3. “Disclaimer” Guy 
Any guy that actually feels the need to share with you in his profile that he’s not a “guido who’s life revolves around the gym,” an “angry person,” “gay, confused,” nor has he “ever experimented in college,” does NOT require any additional reading. If he describes himself as being “straight, like your gay friend that you can also have sex with,” you may want to go as far as to flag his profile as inappropriate.

4. “Novel” Guy
If a guy’s profile requires scrolling down just to get to the half-way point, you should probably click “next” without hesitation. You’ll notice that he has exceeded the generous 1,000 characters that the majority of on-line dating sites allot. His “about me” write-up is probably abruptly cut off, but not before he was able to squeeze in, “If there’s anything else you would like to know about me, feel free to ask."  Trust me, when it comes to dating profiles, stick to the Cliff’s Notes versions.

5. To Catch A Predator 
These are the guys that are over 35-years old and looking to meet someone 18 and over for a “serious relationship.” Seriously? You’re 42-years old, a high school teacher, have a 20-year old daughter and are open to dating 18-years olds?  Feel free to “date” and potentially move in with this dude if you don’t mind him eventually leaving you for one of his students, or even worse, your future adopted teenage daughter, ala Soon-Yi style.

woman on computer

6. Contradiction Guy
This guy “Likes going out, but also enjoys staying in,” and possesses a “strong, but gentle nature.” His life is “complicated, yet simple,” and he is the type of guy that, get this, “likes to make plans, but also be spontaneous.” Ladies, here’s the deal with this guy: you could go out with him, or not go out with him, he’s totally fine with it either way.

7.  Ambiguously Gay Guy
Avoid any and all guys that say they will “do anything at least once,” and have “been to gay bars,” at their “friend's invitation.” They will probably admit to having had at least one “man crush,” which more often than not ends up being Johnny DeppChristian Bale, or Ryan Reynolds aka “RyRen.” The big tip off is when they say that they have “never gone ‘all the way’ with a guy and have zero interest in it.” But wait, there is however, a certain type of guy that “for whatever reason,” they are attracted to. To clarify, “only “in the 'making out' while drunk sort of way, definitely not in the holding hands and going to the movies sort of way.” Unless you're a girl who really thinks sex is overrated and are therefore down with dating a “bi” now, “gay” later dude you'll want to click "next".   

8. “Average Joe” 
This guy uses the minimum number of required profile characters to share that he “likes to try new things and see new places.” He probably “likes to have fun,” and get this, on his days off, “likes to do various things.”  He of course is “open to meeting different types of people,” and really looking to “meet someone that he can get to know.” “B-to-the-oring! if you could really see yourself dating Forest Gump, and/or eating super bland rice every day for the rest of your life, by all means go ahead and send a wink.

9. Freudian Slip Guy 
This guy might wrap up his profile by stating, “if interested, please massage me.” He is also more likely than not “looking forward to meating you,” and probably implored you to “feel free to wink and say bi”. Ladies, you definitely want to say “bye” to this guy as he’s got a one-track mind and is just looking to “get off” online dating, and not in a “meet the one so he can settle down” sort of way, if you catch my drift.

10.  Low Self Esteem Guy 
This guy might describe himself as having a decent body “if you don’t mind fairly flabby with a bit of a gut.” He’ll probably throw in something mid-way to the effect of “I’m sure I already lost your attention and doubt you’re still reading this.”  You’ll notice this guy for the most part will keep his profile short and sweet, unless of course he’s decided to list all of his short-comings, not because he’s a man of few words, but just in case “you are not interested, at least [he] will not have wasted too much of your time.”

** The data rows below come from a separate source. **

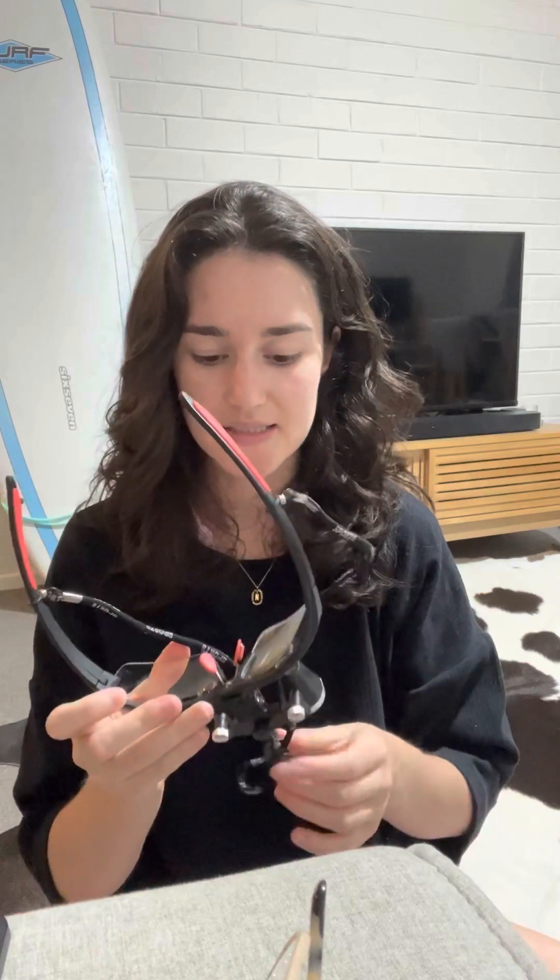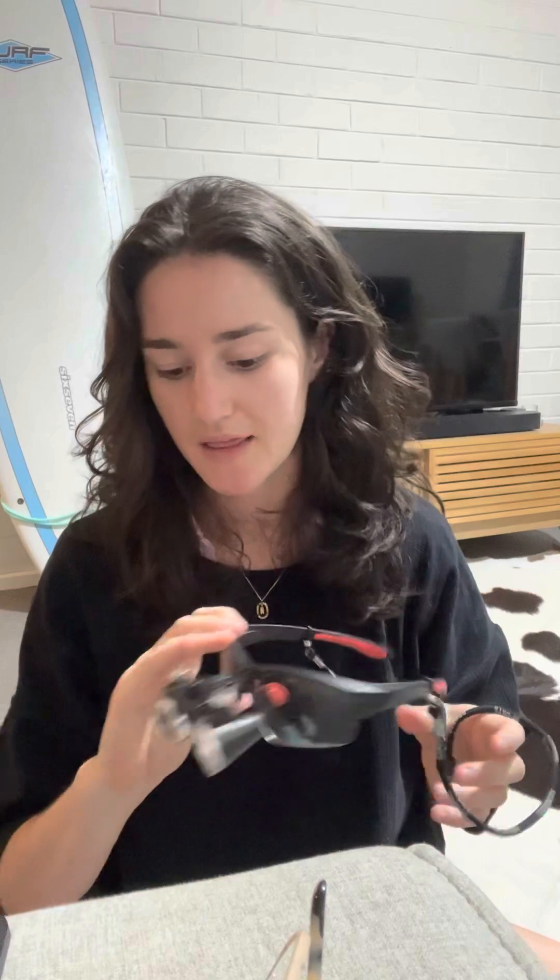When I tried these in clinic, honestly, they're amazing. They're crystal clear. So yeah, you've got really good vision. I found that I had a lot better posture.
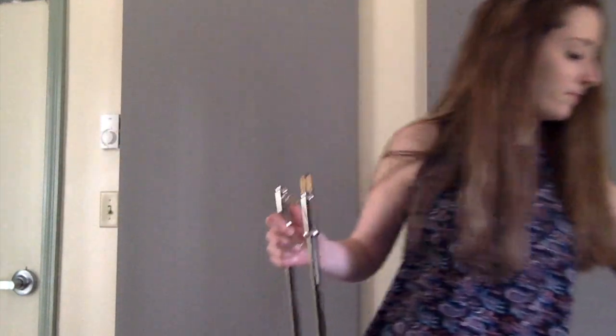Today I'm going to be teaching you how to play the trombone. The first thing we're going to do is open the case and take out all the pieces. There should be three: you will have your slide, the main part, and the mouthpiece.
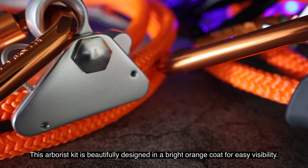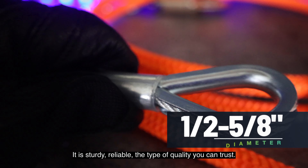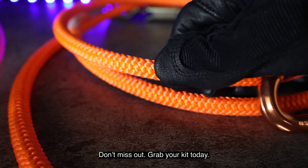This arborist kit is beautifully designed in a bright orange combo for easy visibility. It is sturdy, reliable, and the type of quality you can trust. Don't miss out. Grab your kit today.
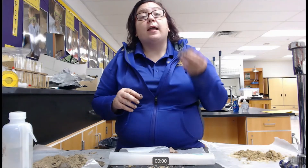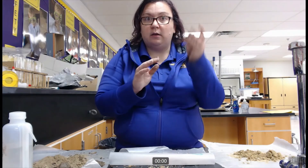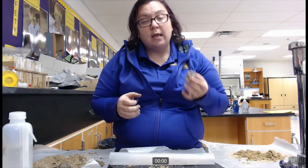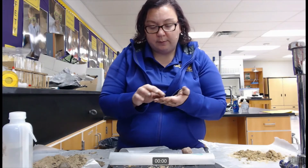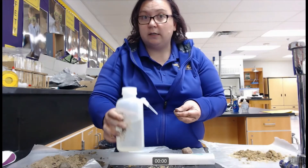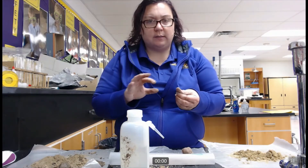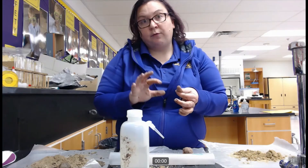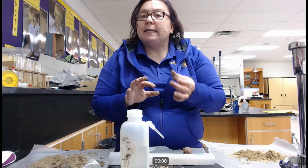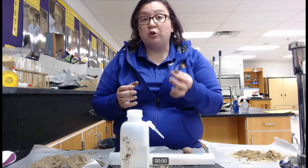So with my second sample so far: I can hold it in a ball shape and I make a strong ribbon that is about eight centimeters long. The final test is to take a small sample, really wet it, and feel whether it is smooth, gritty, or neither. A very silty soil — your hand really just slides over and I am not feeling any grittiness, but it is not super smooth. So it is neither gritty nor smooth.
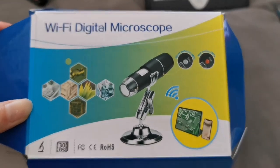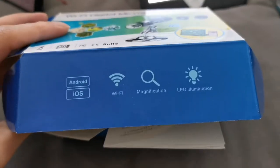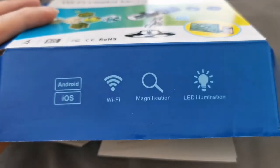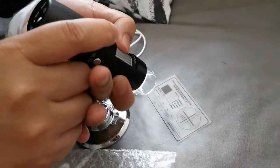Hey guys, so we have here a Wi-Fi digital microscope. We bought this for Prince, but let's see if Prince would know how to use this. We'll try to teach him right now. We're trying to check the device — it's a Wi-Fi digital microscope.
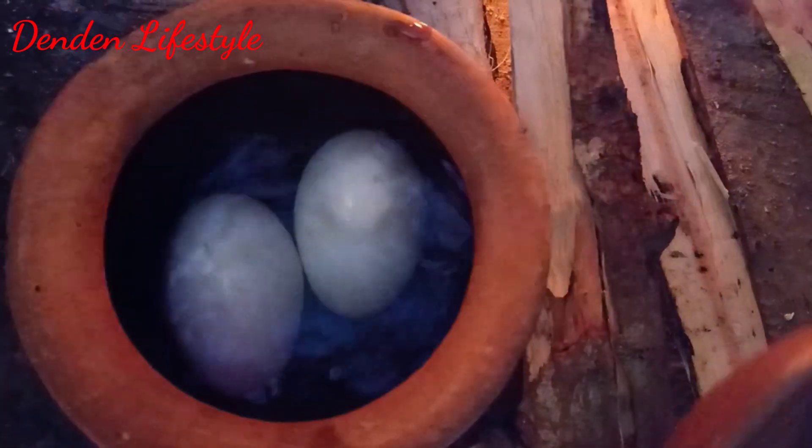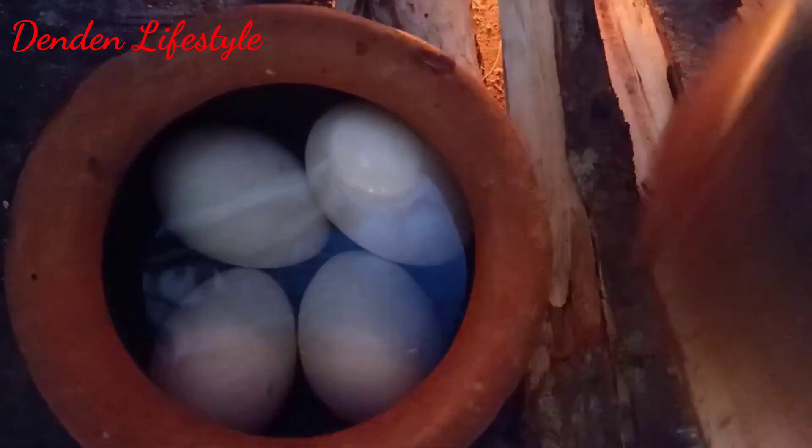2-3 minutes to hold, 3 minutes to set the pot. 4 minutes to add some oil. 2 minutes to put the pot on top. 4 minutes to add the pot.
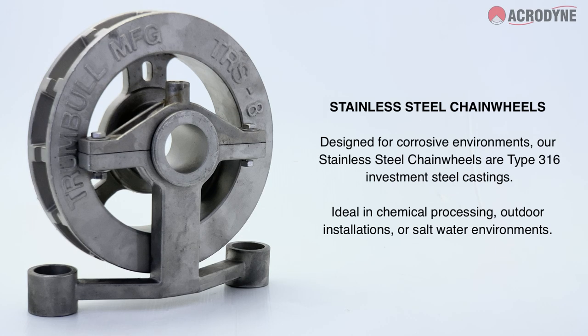Designed for corrosive environments, our stainless steel chainwheels are manufactured from type 316 stainless steel castings, ideal in chemical processing, outdoor installations, or saltwater environments.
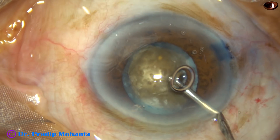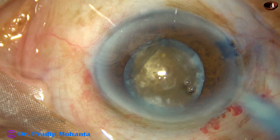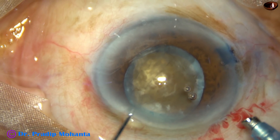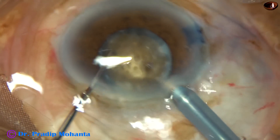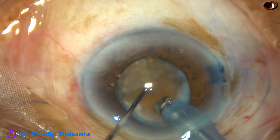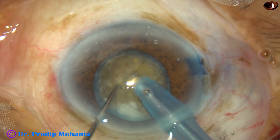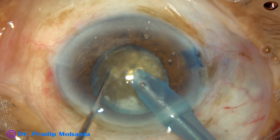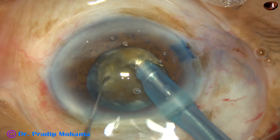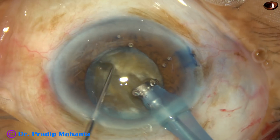Some more viscoelastic to protect the corneal endothelium — this is 2% hydroxypropyl methylcellulose. Now the tip of the phaco handpiece is being introduced into the anterior chamber. As usual, I will try to do a direct chop in this case. The tip is buried into the substance of the nucleus, goes through towards the opposite equator, crosses the central area, and goes towards the opposite equator again. In this case, I had to exert a real force — opposing forces — to crack this very hard nucleus.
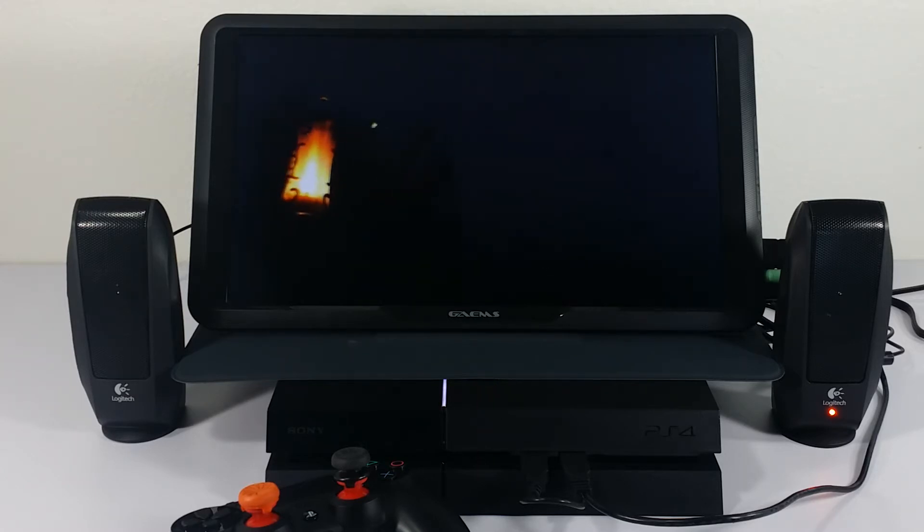First up is the Logitech S120s. You can get these just about anywhere for around $10 to $12. Let's go ahead and take a listen to the sound.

Tell us: what are some other online dating red flags you've noticed?

Amber SolettiOriginally from Austin, TX, Amber Soletti has been living the single life in NYC since 2000. A marketing professional, Amber worked in the beauty industry for Fortune 500 companies including Aveda and Avon. In an effort to subsidize her dating life and income, in 2008 she co–founded what would soon become NYC’s hottest dating services. Amber has written many published articles on dating advice and the NYC singles scene. She, along with her companies OnSpeedDatingSingleAndTheCity & Kissburg have been featured by The New York Times, Howard Stern, Regis & Kelly, The New York Post, What Not To Wear, Dateline NBC, Good Day NY, CNN and more.

 

 

 

 

dating, dating tips, Free Dating Advice, General, Love & Relationships, Love & Sex , , , ,

Decoding Dating Profiles: The Top 10 Guys You Want To Avoid

24. December 2012

online dating

Having been online dating since moving to NYC in 2000, it goes without saying that I have more experience perusing men’s online datingprofiles than any single gal should. I want to share with you what I've found to be the top ten dating profile “red flags” that could save you the ridiculous amount of time that I have now forever lost by corresponding with and/or going out with some total losers.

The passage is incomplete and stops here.